◆ **YOUR TASK**: Write out word for word the lines from the one holding "2026小红书爆款笔记与商业" through the end of the data, and only those lines. Pictures stay out.

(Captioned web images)
■ ■ ■

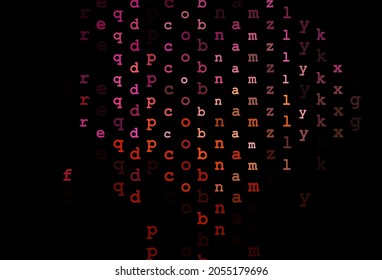 Dark red, yellow vector cover with english symbols. Abstract illustration with colored latin alphabet. The pattern can be used for ad, booklets, leaflets of education.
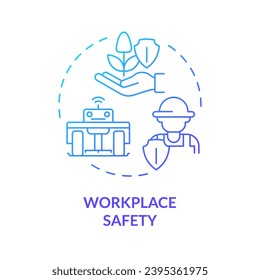 Workplace safety blue gradient concept icon. Employee protection. Agriculture business. Automated system. Work conditions. Round shape line illustration. Abstract idea. Graphic design. Easy to use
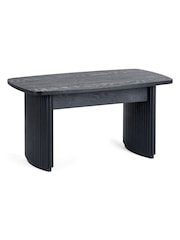 Julian Bowen Black Louis Fluted Compact Coffee Table - Image 2 of 9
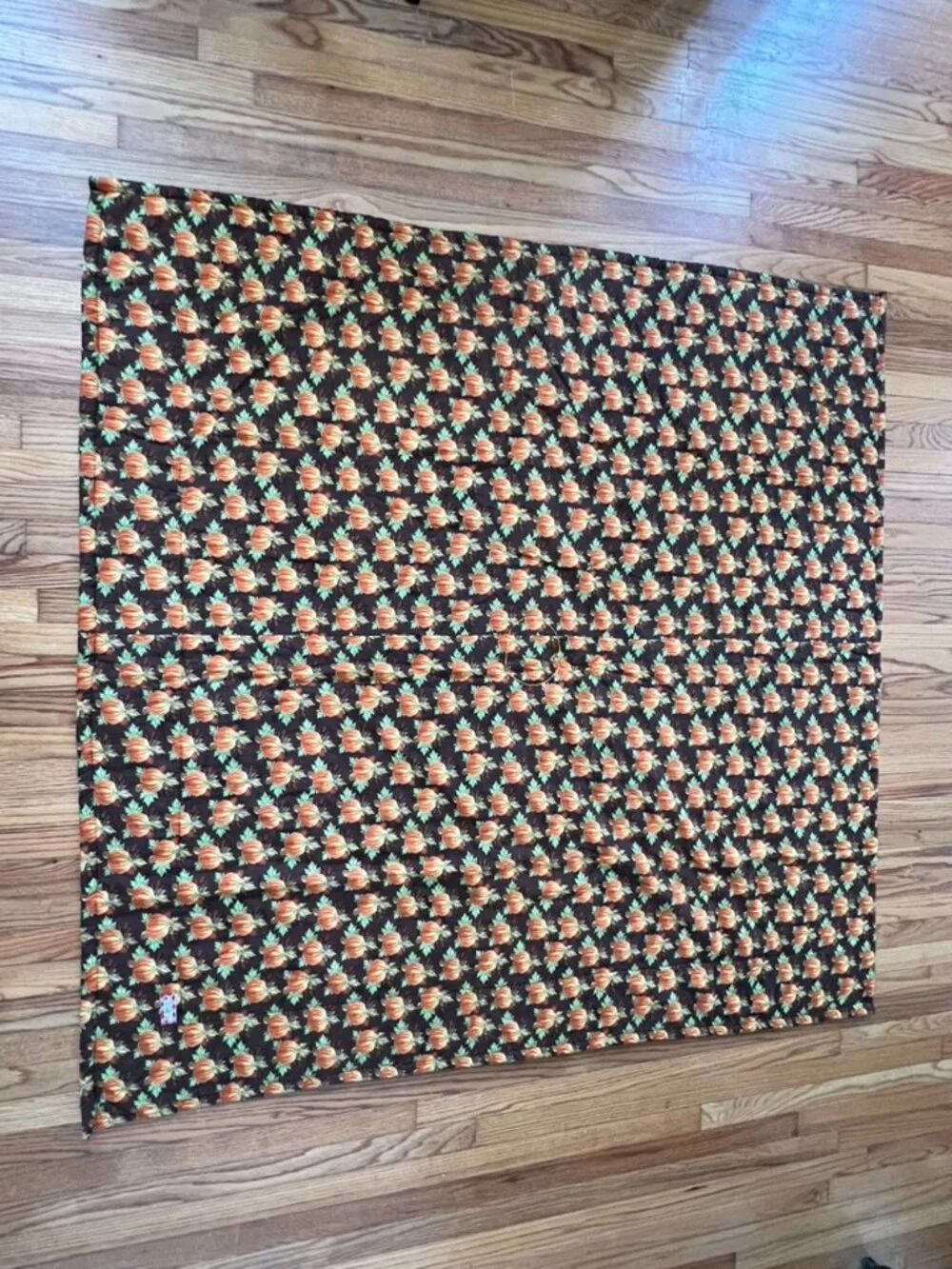 Handmade Fall Patchwork Quilt 64x64 Pumpkin Sunflower Autumn Throw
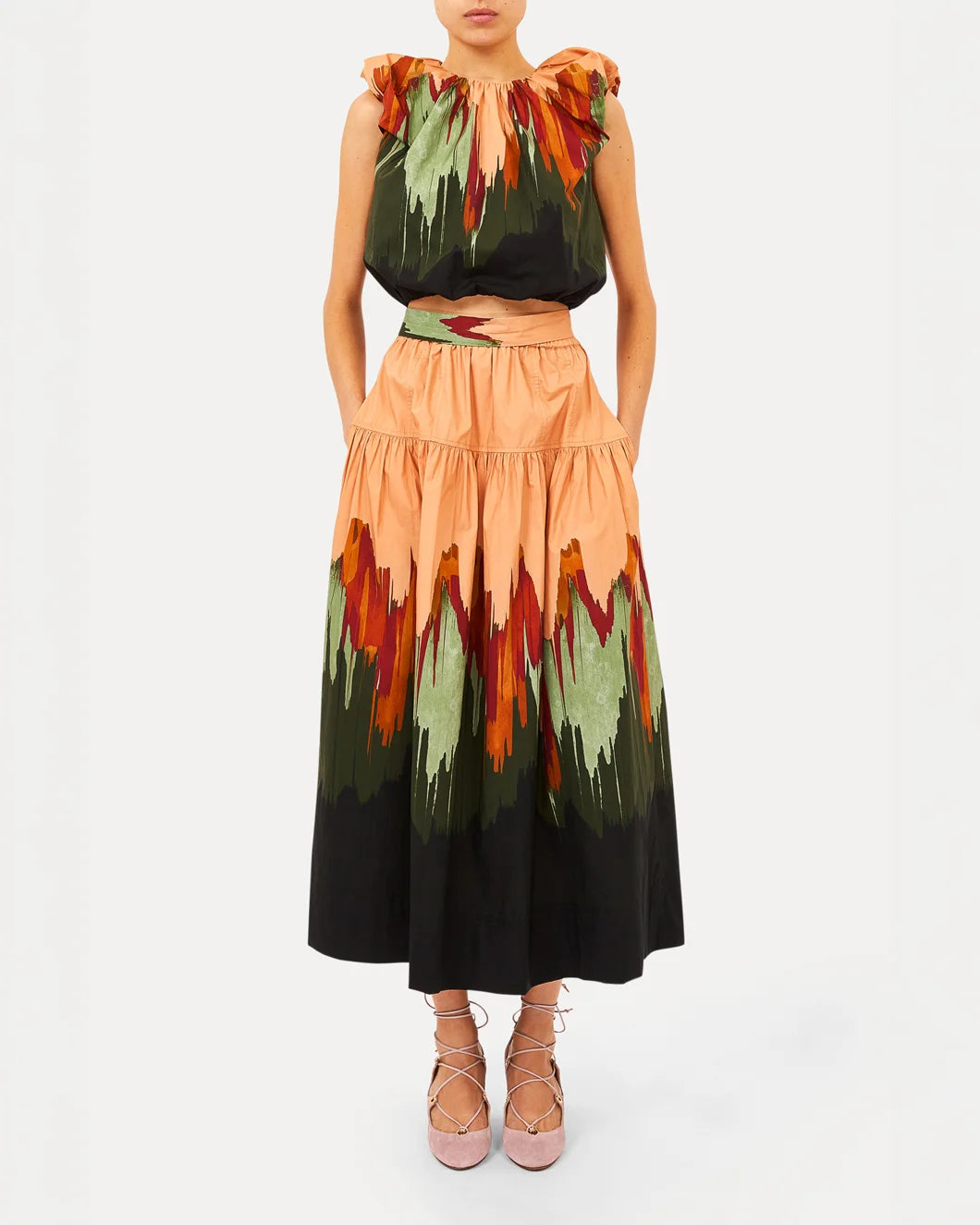 ULLA JOHNSON Theodora Cotton Skirt on figure front
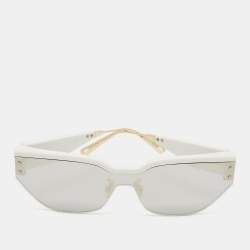 Pre Owned Dior White/Grey Mirrored DiorClub M3U Shield Sunglasses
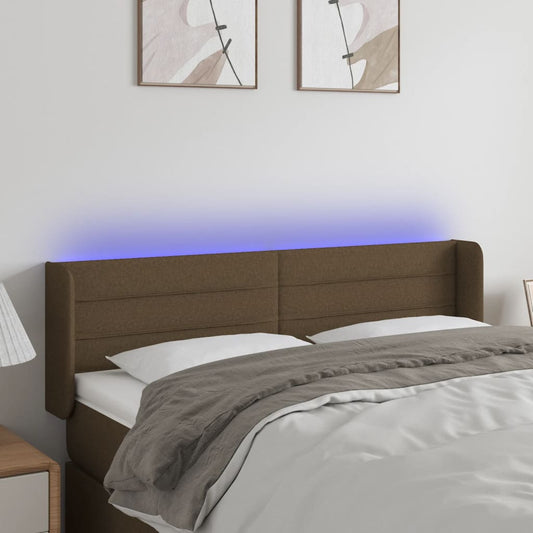 vidaXL Κεφαλάρι Κρεβατιού LED Σκούρο Καφέ 147x16x78/88 εκ. Υφασμάτινο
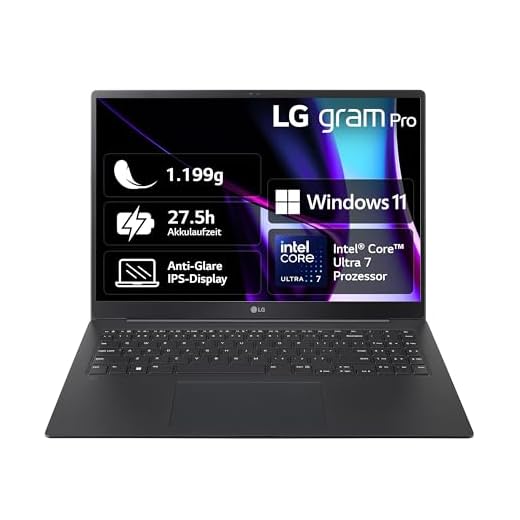 2024 LG gram Pro 16 Zoll Notebook - 1199g Intel Core Ultra7 Laptop (32GB RAM, 2TB Dual SSD, 24,5h Akkulaufzeit, IPS Panel Anti-Glare Display, Win 11 Home) - Schwarz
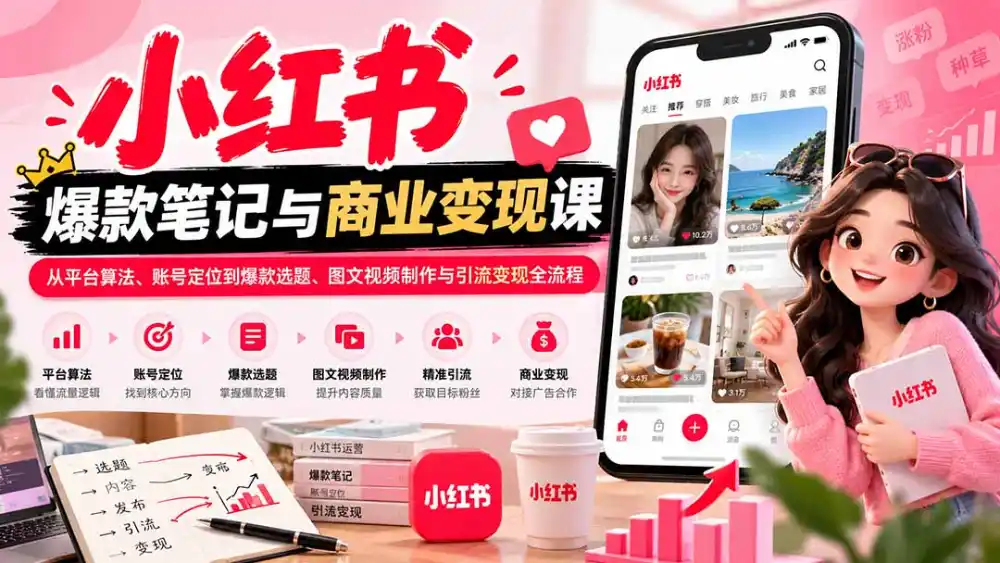 2026小红书爆款笔记与商业变现课：从平台算法、账号定位到爆款选题、图文视频制作与引流变现全流程-云途创业网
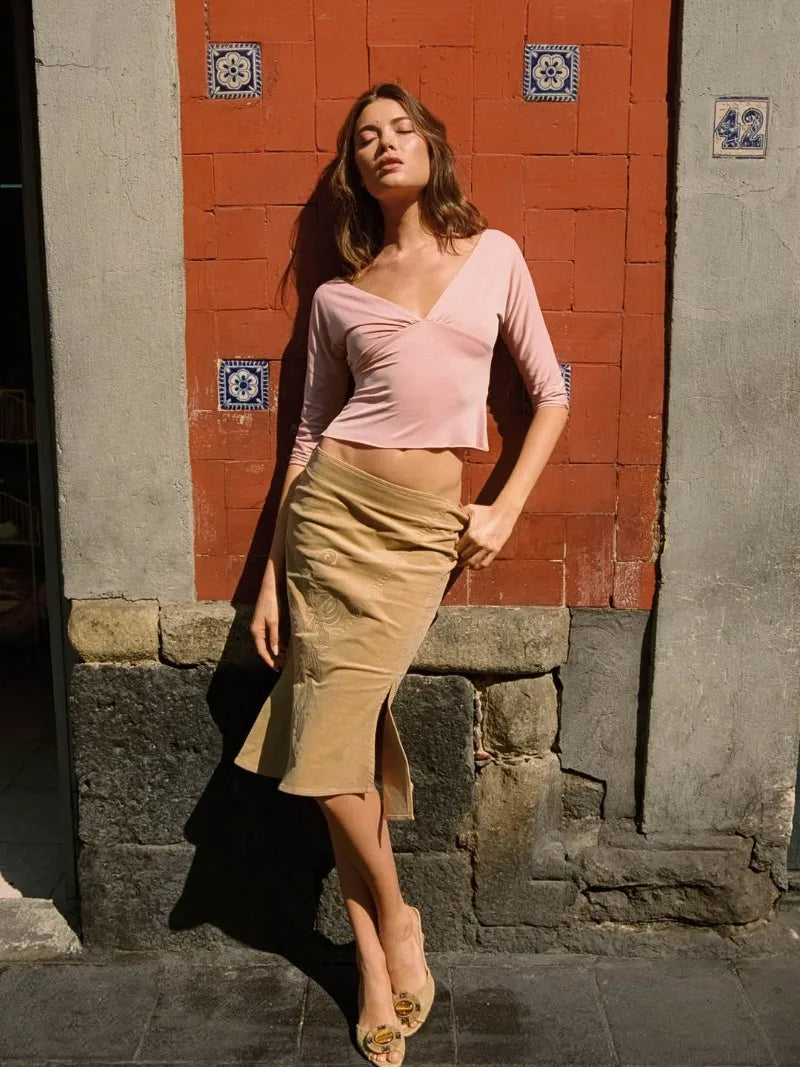 Trendix V Neck Slim Long Sleeve Tops Women 2026 Spring Casual Vintage Bodycon Pullover Top Party Retro Office Basic Backless Top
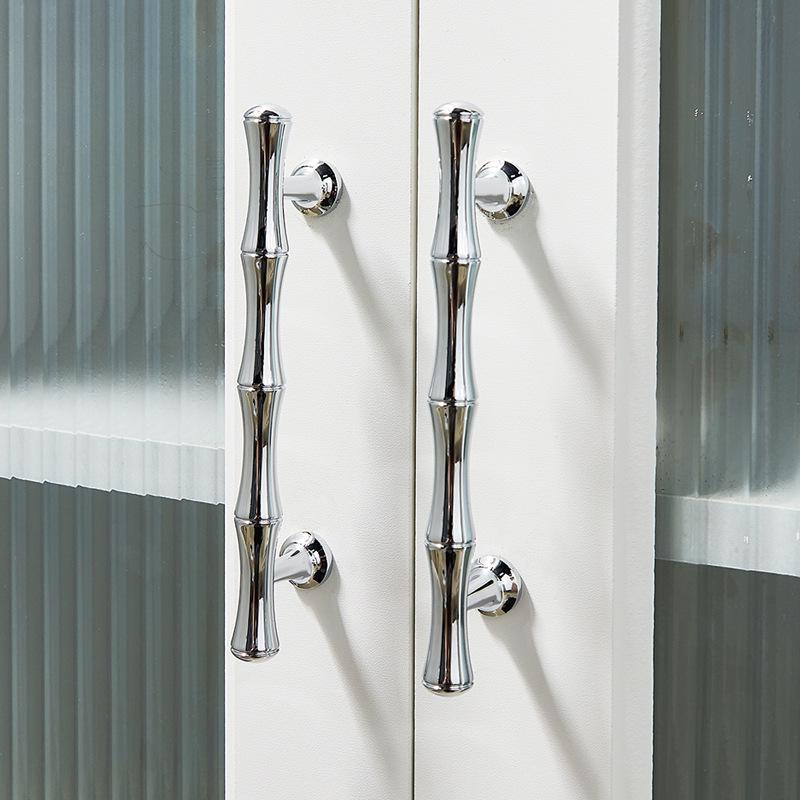 Brass Chrome Bamboo Wardrobe Handle - Modern Luxury Minimalist Nordic Drawer/Wine Cabinet Handle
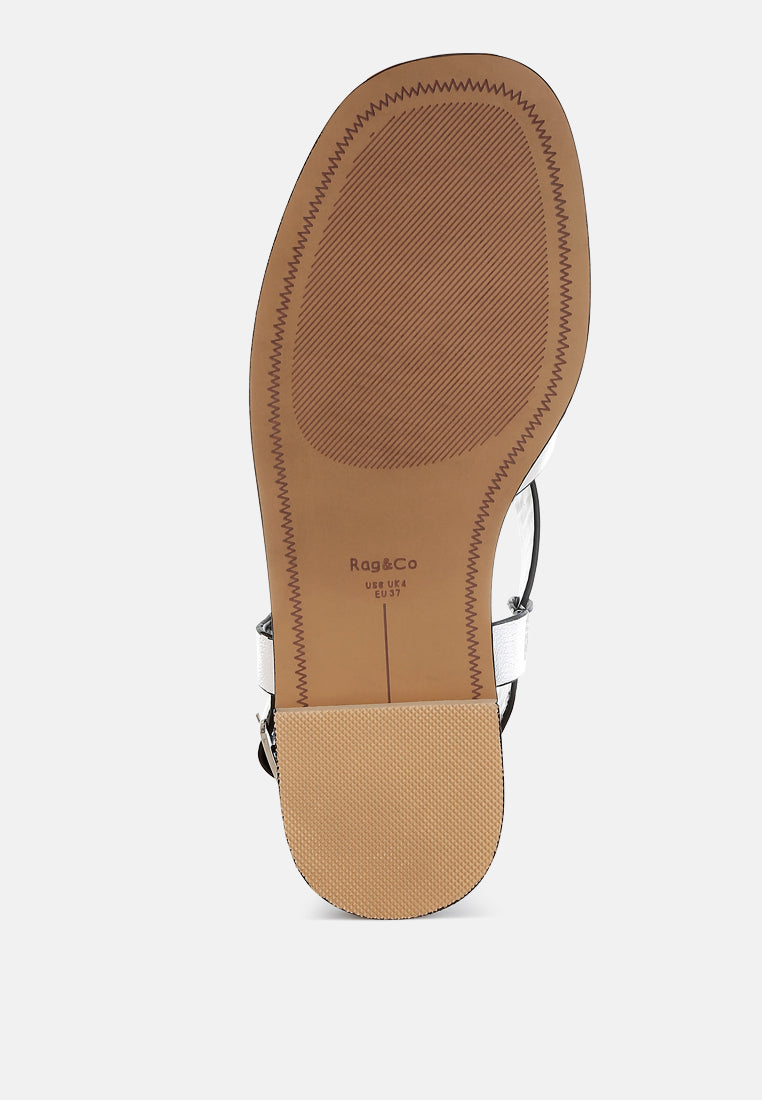 doata metallic genuine leather buckled flats#color_silver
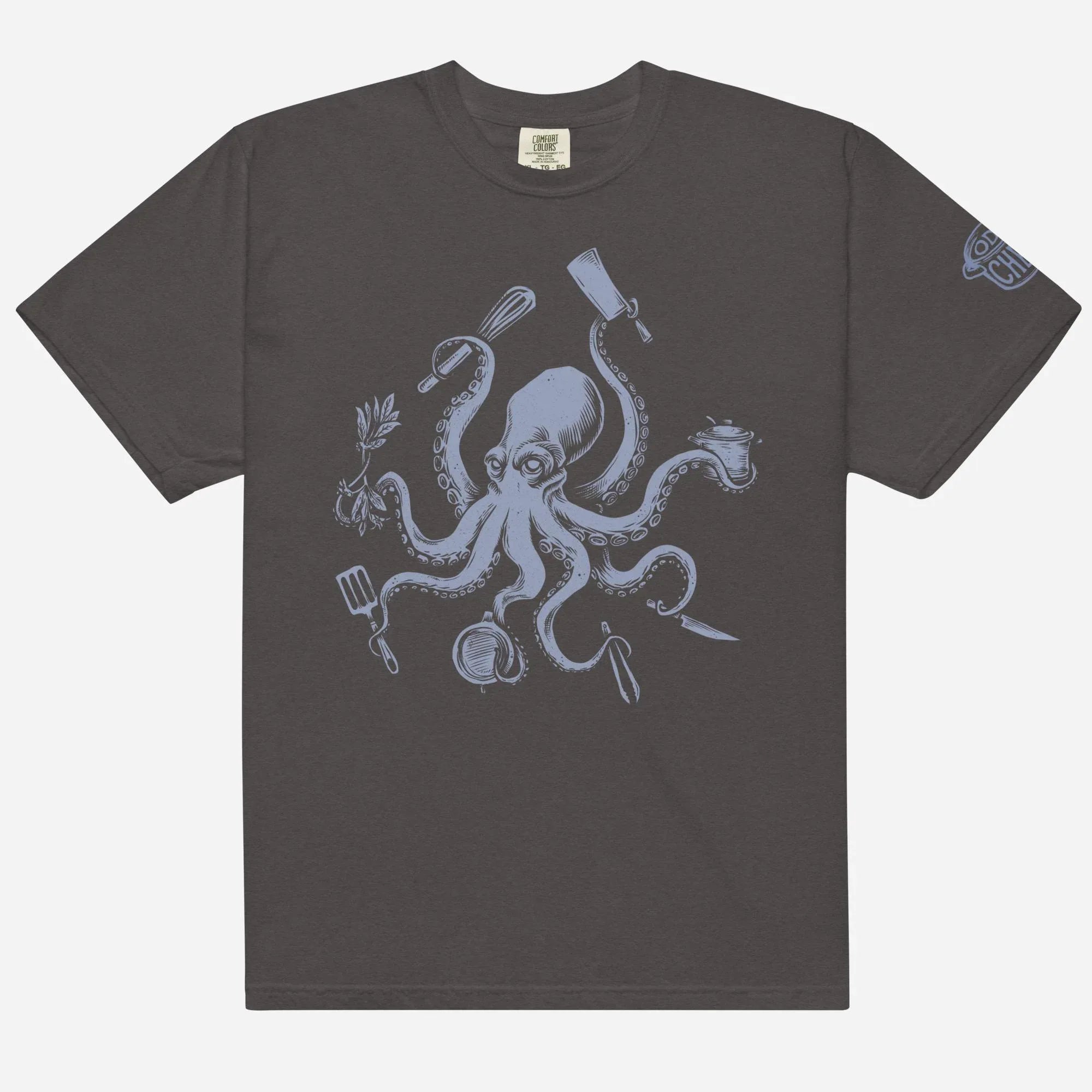 Octo-Chef Blue Heavyweight Streetwear Tee - Odd Chef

■ ■ ■

◆ **WRITTEN REPLY**:
 2026小红书爆款笔记与商业变现课：从平台算法、账号定位到爆款选题、图文视频制作与引流变现全流程-云途创业网
 Trendix V Neck Slim Long Sleeve Tops Women 2026 Spring Casual Vintage Bodycon Pullover Top Party Retro Office Basic Backless Top
 Brass Chrome Bamboo Wardrobe Handle - Modern Luxury Minimalist Nordic Drawer/Wine Cabinet Handle
 doata metallic genuine leather buckled flats#color_silver
 Octo-Chef Blue Heavyweight Streetwear Tee - Odd Chef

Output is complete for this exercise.